Jurisdictions are tricky things, particularly in colonial America. We are used to seeing towns associated with just one county and state. In British America, towns, plantations (areas governed by a merchant company or the forerunner of a colony), and even colonies themselves were fluid.
For example, the town of Dover started out as a fishing and trading settlement established by a group of Bristol merchants who named the area Piscataqua Plantation. Part of the plantation, Hilton Point (settled by William and Edward Hilton), increased in population and in 1633 it was purchased by a group of Puritans in England who promoted settlement there. In 1643 Dover became part of the Massachusetts Bay Colony (under Old Norfolk County which was later absorbed into Essex County). It wasn’t until 1680 that Dover came under the governance of the New Hampshire Colony. Dover was also known at various times as Bristol and Northam.

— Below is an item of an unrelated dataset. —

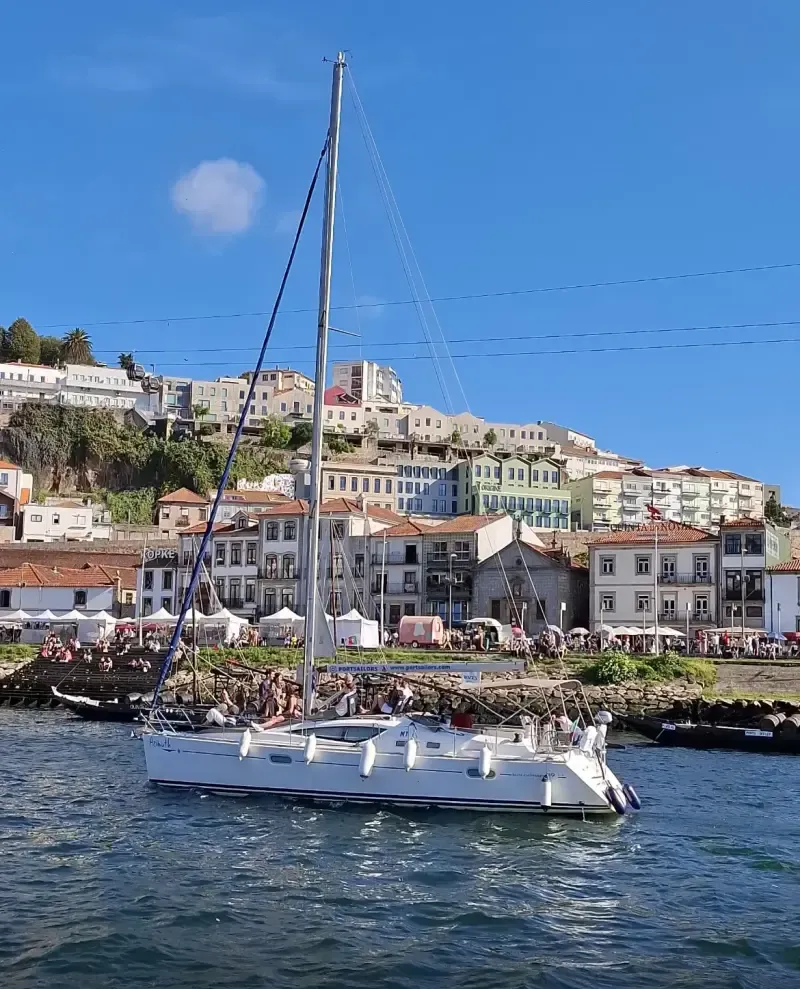 Passeio relaxante de veleiro com parada no rio Douro - 3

In a period of less than sixty years, Dover had at least three town names, was under three major governing entities (plantation and colonies), and thus multiple counties. Nantucket began as part of Dukes County, which was then part of the Colony of New York, where it remained until 1692. At that point, it became part of Massachusetts Bay Colony and its own county of Nantucket. When place names are given in posts, they will use the designation appropriate for the time of the source. Seeing Dover written “Dover, Piscataqua, British America in one place and Dover, Strafford, New Hampshire in another is not a mistake, but an attempt to keep the place designation accurate and to show what entities held the records when they were made.
Sometimes documents stay with the original governing body even if political divisions change. Other times the records, or duplicates of them, are placed with the new governing bodies. To truly canvas all possible record holders for Dover and Nantucket, multiple town, county, colony, and state records had to be searched.